From: Infosecurity-Magazine.com

Responsibility for cyber risk starts and stops with the board, says GCHQ; cyber attack is the most likely technology risk incident says the World Economic Forum; but the board isn’t taking it seriously, suggests Trustwave.

“My organization, GCHQ, now sees real and credible threats to cyber security of an unprecedented scale, diversity and complexity,” warns Iain Lobban, Director of GCHQ, in the government-produced 10 Steps to Cyber Security. “Responsibility to manage your company’s cyber risks starts and stops at Board level. You can never be totally safe.”

That this threat is recognized by business leaders is made clear in the World Economic Forum’s Global Risks Report 2013, published last week. Technological risks are one of the five major major risk categories surveyed among ‘1,000 experts from the World Economic Forum’s communities’ – the other categories are economic, environmental, geopolitical, and societal.

In the survey, the top ten technological threats are rated by impact and likelihood. The threat with the greatest impact is perceived to be ‘critical systems failure’. The threat most likely to happen is ‘cyber attacks.’ Since the latter might well cause the former, cyber security is clearly the greatest technological threat for 2013; well above other perceived threats such as a failure in the intellectual property regime, massive digital misinformation or unforeseen consequences of nanotechnology.

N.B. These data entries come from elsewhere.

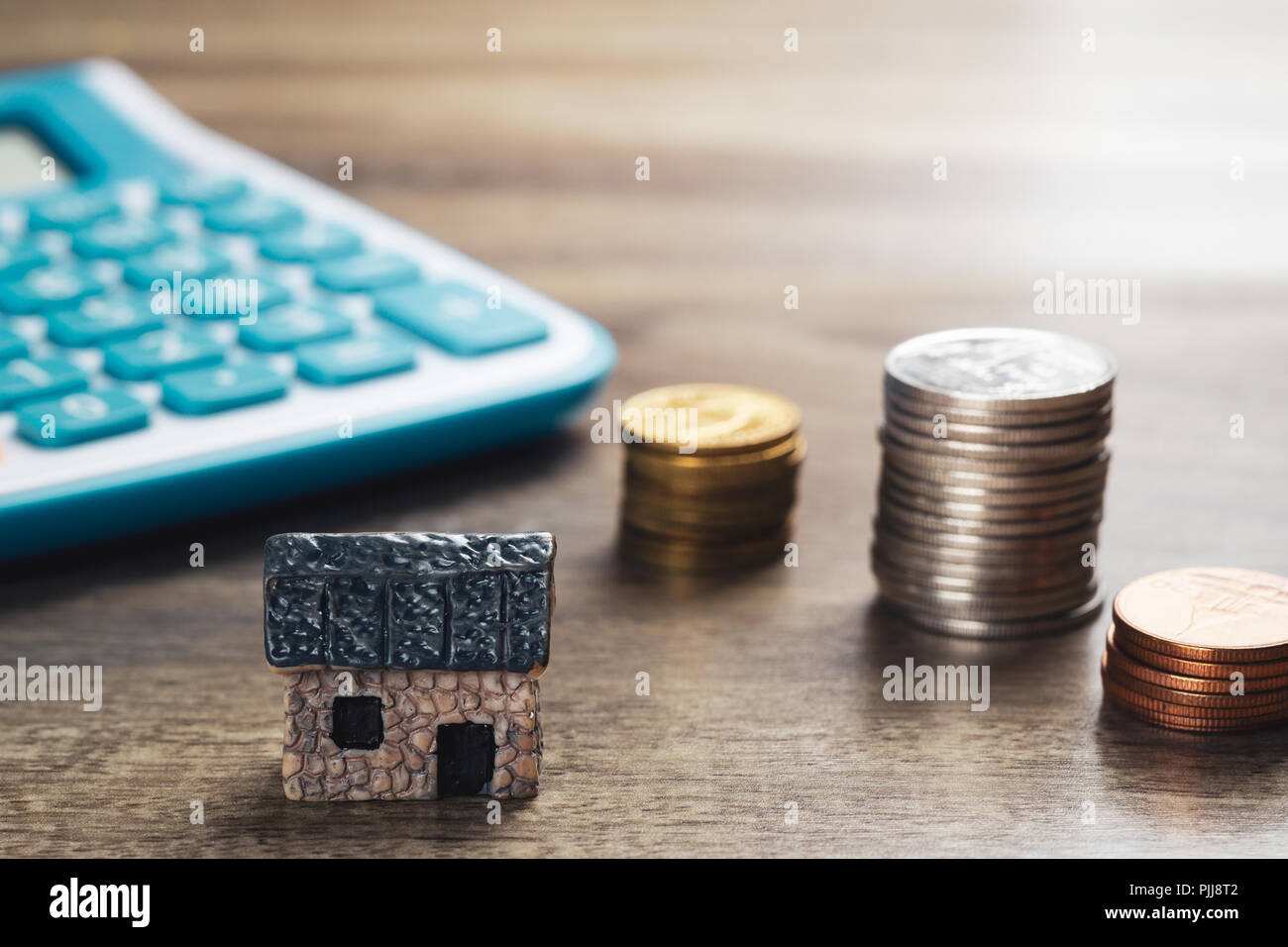 Haus Modell, Stapel von Münzen und Rechner. Konzept im Haus Verkauf, Kauf, Darlehen und Finance. Stockfoto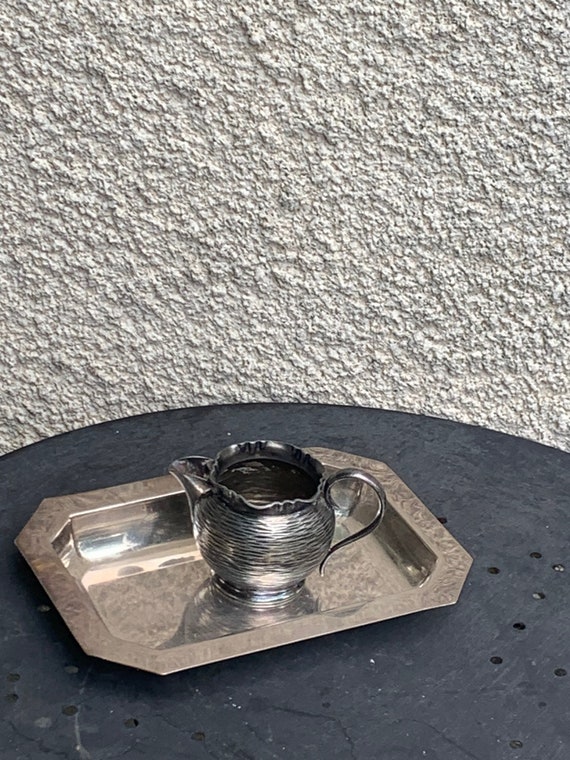 Small dish in silver metal, two punches, and a water or milk jug in vintage hammered metal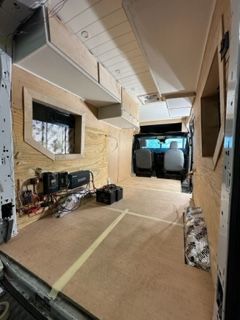 Interior of a van under construction. Wooden walls, flooring, cabinets, and wiring are visible.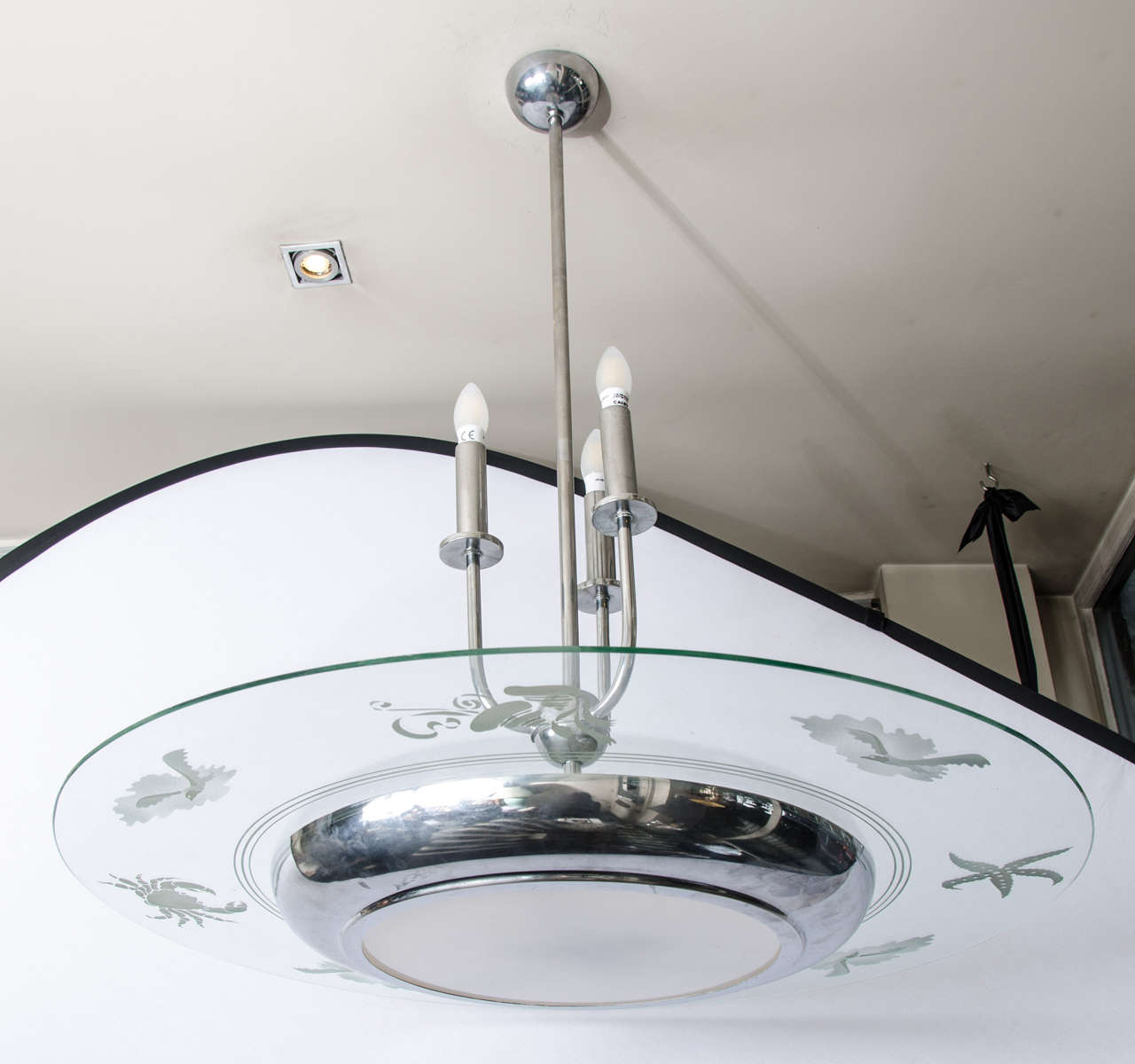 1930s Art Deco chandelier with engraved glass. Italian chandelier in chrome and glass. Three holder electric candelabra plus three bulbs in the base of the dome. The glass is engraved with beautiful sea animals, including crab, octopus and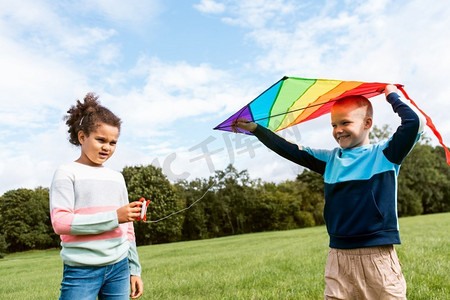 童年、休闲和人的概念-快乐的男孩和女孩在公园里放风筝。快乐的男孩和女孩在公园里放风筝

It would be reasonable to assume from this that major companies’ boardrooms are taking the cyber security threat seriously. Trustwave wanted to confirm this, and talked to Infosecurity about the results of a survey they will publish later this week. “Security is not a new issue,” John Yeo, EMEA director of Trustwave SpiderLabs, told Infosecurity, “so we wanted to find a way to validate that it really is already on the agenda.”